Pages/resources that are not available in Pywb

All of the following pages don't work, and give error "The url http://www.nl-menu.nl/nlmenu.nl/fset/ could not be found in this collection":

"aanmelden" / "wijzigen" from home page, right-hand menu:

http://localhost:8080/my-web-archive/20040123200406/http://www.nl-menu.nl/nlmenu.nl/fset/zoekenplus.html?http://www.nl-menu.nl/nlmenu.nl/admin/aanmeldform.html

Having arrived on this page, the other links at the right hand menu (FAQ, colofon, etc) don't work either! But behaviour seems to depend on previous page we arrived from. Very strange.
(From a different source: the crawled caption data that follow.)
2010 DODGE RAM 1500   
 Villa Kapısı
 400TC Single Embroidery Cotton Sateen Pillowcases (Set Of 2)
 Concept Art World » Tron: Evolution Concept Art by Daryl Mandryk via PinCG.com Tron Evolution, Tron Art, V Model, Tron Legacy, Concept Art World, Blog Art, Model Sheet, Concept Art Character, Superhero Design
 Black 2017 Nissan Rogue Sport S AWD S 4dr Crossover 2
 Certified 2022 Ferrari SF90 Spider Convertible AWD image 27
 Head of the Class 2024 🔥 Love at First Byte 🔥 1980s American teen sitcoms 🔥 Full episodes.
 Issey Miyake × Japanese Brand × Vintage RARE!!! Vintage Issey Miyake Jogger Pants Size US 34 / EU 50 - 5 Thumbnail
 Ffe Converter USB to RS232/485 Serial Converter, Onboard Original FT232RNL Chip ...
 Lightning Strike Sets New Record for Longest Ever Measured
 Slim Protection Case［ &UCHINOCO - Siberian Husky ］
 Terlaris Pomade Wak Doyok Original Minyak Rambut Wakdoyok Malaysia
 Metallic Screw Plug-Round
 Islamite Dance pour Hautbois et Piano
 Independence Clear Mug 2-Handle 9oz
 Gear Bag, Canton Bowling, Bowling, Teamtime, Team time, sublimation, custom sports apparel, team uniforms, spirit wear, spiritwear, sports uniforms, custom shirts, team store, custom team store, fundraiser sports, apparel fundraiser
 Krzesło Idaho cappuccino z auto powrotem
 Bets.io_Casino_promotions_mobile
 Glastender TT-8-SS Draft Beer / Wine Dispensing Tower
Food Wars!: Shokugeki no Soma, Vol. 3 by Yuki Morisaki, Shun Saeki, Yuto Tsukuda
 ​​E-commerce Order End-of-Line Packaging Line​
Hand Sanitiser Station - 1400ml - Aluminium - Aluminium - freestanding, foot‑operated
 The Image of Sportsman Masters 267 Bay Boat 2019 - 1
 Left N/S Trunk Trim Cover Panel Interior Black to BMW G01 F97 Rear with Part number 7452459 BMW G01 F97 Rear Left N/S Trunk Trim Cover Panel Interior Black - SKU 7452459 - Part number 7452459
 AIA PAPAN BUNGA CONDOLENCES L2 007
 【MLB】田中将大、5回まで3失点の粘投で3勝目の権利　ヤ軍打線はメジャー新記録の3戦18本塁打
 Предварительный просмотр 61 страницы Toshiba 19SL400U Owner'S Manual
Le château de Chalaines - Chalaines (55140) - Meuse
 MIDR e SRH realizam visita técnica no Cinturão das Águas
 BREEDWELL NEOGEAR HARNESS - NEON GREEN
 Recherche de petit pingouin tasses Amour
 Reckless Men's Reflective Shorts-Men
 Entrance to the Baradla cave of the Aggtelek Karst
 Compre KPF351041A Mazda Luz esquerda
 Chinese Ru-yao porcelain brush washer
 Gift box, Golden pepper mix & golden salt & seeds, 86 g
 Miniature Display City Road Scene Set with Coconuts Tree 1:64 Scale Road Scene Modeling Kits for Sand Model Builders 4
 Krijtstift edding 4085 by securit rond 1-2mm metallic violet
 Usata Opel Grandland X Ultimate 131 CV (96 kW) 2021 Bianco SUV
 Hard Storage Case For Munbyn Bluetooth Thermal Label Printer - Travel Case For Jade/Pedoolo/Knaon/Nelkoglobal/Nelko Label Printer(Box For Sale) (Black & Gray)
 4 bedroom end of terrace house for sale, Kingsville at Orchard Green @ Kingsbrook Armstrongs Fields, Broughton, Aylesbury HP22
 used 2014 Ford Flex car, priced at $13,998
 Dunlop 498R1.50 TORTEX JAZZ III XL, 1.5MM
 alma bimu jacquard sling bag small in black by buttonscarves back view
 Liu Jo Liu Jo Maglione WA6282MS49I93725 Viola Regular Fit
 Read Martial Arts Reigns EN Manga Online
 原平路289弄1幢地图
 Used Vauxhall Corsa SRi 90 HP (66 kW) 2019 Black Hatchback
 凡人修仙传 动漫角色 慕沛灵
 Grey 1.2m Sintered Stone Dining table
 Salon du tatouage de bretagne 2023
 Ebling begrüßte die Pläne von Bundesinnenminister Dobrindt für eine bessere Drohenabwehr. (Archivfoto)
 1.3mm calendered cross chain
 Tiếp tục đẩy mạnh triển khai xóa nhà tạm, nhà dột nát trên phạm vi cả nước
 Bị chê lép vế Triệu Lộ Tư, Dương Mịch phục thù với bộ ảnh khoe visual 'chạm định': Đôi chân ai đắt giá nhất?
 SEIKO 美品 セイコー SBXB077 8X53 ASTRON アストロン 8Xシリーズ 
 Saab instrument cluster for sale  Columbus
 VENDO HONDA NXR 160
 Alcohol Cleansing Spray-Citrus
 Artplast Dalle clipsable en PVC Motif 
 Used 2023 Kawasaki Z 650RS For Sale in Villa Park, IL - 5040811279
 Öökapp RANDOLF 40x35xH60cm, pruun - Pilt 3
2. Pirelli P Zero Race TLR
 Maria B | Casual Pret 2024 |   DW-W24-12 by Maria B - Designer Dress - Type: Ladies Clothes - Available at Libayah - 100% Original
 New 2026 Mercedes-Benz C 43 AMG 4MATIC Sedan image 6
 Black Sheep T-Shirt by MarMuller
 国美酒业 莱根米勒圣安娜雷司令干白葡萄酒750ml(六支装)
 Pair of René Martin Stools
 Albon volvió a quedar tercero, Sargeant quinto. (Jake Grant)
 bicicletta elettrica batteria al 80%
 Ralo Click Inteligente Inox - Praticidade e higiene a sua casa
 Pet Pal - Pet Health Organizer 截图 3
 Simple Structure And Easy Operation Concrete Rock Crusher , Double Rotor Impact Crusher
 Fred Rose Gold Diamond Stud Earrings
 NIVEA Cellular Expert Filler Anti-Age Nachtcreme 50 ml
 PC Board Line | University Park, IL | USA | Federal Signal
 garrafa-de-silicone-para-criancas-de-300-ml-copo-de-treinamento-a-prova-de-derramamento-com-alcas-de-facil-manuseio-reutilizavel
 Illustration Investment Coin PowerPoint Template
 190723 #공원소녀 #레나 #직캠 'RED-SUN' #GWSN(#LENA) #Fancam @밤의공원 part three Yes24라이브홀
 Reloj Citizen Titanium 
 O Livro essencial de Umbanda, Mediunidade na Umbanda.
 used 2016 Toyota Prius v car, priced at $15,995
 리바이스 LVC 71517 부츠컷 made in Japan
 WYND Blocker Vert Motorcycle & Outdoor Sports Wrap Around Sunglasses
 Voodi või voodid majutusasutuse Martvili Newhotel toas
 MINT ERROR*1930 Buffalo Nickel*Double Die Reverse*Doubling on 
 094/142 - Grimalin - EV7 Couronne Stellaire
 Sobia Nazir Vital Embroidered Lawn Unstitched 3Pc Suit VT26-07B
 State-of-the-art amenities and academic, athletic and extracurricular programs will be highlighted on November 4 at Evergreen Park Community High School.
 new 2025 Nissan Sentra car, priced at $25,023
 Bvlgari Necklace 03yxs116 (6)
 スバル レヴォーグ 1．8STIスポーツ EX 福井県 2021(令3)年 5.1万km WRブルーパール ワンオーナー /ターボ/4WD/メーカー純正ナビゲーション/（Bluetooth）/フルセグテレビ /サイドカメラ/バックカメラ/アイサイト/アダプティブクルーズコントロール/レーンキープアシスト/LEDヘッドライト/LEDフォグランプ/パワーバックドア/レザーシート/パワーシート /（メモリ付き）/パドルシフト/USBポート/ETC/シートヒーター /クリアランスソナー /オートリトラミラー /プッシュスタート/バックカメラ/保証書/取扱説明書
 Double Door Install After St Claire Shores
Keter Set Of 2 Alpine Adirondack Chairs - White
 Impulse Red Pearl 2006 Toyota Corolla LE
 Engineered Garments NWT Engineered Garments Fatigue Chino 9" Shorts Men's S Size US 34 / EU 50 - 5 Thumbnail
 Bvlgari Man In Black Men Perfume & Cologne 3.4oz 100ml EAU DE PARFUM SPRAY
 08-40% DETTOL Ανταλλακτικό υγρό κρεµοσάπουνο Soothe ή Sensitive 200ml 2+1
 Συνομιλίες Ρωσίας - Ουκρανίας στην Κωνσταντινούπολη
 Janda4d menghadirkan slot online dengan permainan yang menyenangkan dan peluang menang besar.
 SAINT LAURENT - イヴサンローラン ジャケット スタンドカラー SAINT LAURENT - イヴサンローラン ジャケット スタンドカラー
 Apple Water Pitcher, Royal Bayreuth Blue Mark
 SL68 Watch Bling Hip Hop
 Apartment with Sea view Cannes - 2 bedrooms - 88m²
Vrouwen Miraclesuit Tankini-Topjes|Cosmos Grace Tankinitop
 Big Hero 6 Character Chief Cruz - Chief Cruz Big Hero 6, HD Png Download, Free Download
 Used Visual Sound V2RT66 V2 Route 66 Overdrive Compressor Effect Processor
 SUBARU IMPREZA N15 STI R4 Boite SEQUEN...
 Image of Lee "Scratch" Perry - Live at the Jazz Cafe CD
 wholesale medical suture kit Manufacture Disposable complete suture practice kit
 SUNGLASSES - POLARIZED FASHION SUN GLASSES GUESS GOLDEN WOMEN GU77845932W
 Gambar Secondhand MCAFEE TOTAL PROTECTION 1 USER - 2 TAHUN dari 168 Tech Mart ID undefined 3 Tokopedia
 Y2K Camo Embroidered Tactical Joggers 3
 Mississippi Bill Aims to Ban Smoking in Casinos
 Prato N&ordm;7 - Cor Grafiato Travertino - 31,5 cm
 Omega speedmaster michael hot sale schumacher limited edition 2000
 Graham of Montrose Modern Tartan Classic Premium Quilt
On "live" site, going here:

http://www.nl-menu.nl/nlmenu.nl/admin/aanmeldform.html

Redirects to:

http://www.nl-menu.nl/nlmenu.nl/fset/zoekenplus.html?http://www.nl-menu.nl/nlmenu.nl/admin/aanmeldform.html

This doesn't happen in the archived site! The resource is present in the WARC though:

warcdump NL-menu.warc.gz > NL-menu-dump.txt
grep "http://www.nl-menu.nl/nlmenu.nl/admin/aanmeldform.html" NL-menu-dump.txt

Result:

WARC-Target-URI:<http://www.nl-menu.nl/nlmenu.nl/admin/aanmeldform.html>
WARC-Target-URI:http://www.nl-menu.nl/nlmenu.nl/admin/aanmeldform.html

Looking at the source of the page, there's this:

<SCRIPT LANGUAGE="JavaScript">
<!--
        var navPrinting = false;
        if ((navigator.appName + navigator.appVersion.substring(0, 1)) == "Netscape4") {
            navPrinting = (self.innerHeight == 0) && (self.innerWidth == 0);}
        if ((self.name != 'text') && (self.location.protocol != "file:") && !navPrinting)
        if (top.location.href == location.href) {
                // deze pagina opnieuw openen, maar dan binnen frameset
                top.location.href = "http://www.nl-menu.nl/nlmenu.nl/fset/zoekenplus.html?" + unescape(document.URL);
        }
// -->
</SCRIPT>

So, the JavaScript re-opens the page within a frame set. So perhaps the problem occurs because the JavaScript fails to run in the archived version? Possibly related to this: pywb actually uses JavaScript to render each archived page inside an iframe. For example, "view source" on the archived homepage produces this (which is not the NL-menu source!) :

<!DOCTYPE html>
<html>
<head>
<style>
html, body
{
height: 100%;
margin: 0px;
padding: 0px;
border: 0px;
overflow: hidden;
}

</style>
<script src='http://localhost:8080/static/wb_frame.js'> </script>

<!-- default banner, create through js -->
<script src='http://localhost:8080/static/default_banner.js'> </script>
<link rel='stylesheet' href='http://localhost:8080/static/default_banner.css'/>


</head>
<body style="margin: 0px; padding: 0px;">
<div id="wb_iframe_div">
<iframe id="replay_iframe" frameborder="0" seamless="seamless" scrolling="yes" class="wb_iframe"></iframe>
</div>
<script>
var cframe = new ContentFrame({"url": "http://www.nl-menu.nl/nlmenu.nl/nlmenu.shtml" + window.location.hash,
                                "prefix": "http://localhost:8080/my-web-archive/",
                                "request_ts": "20040123200406",
                                "iframe": "#replay_iframe"});

</script>
</body>
</html>

Also tried: disable JavaScript in browser on "live" site: page is still displayed!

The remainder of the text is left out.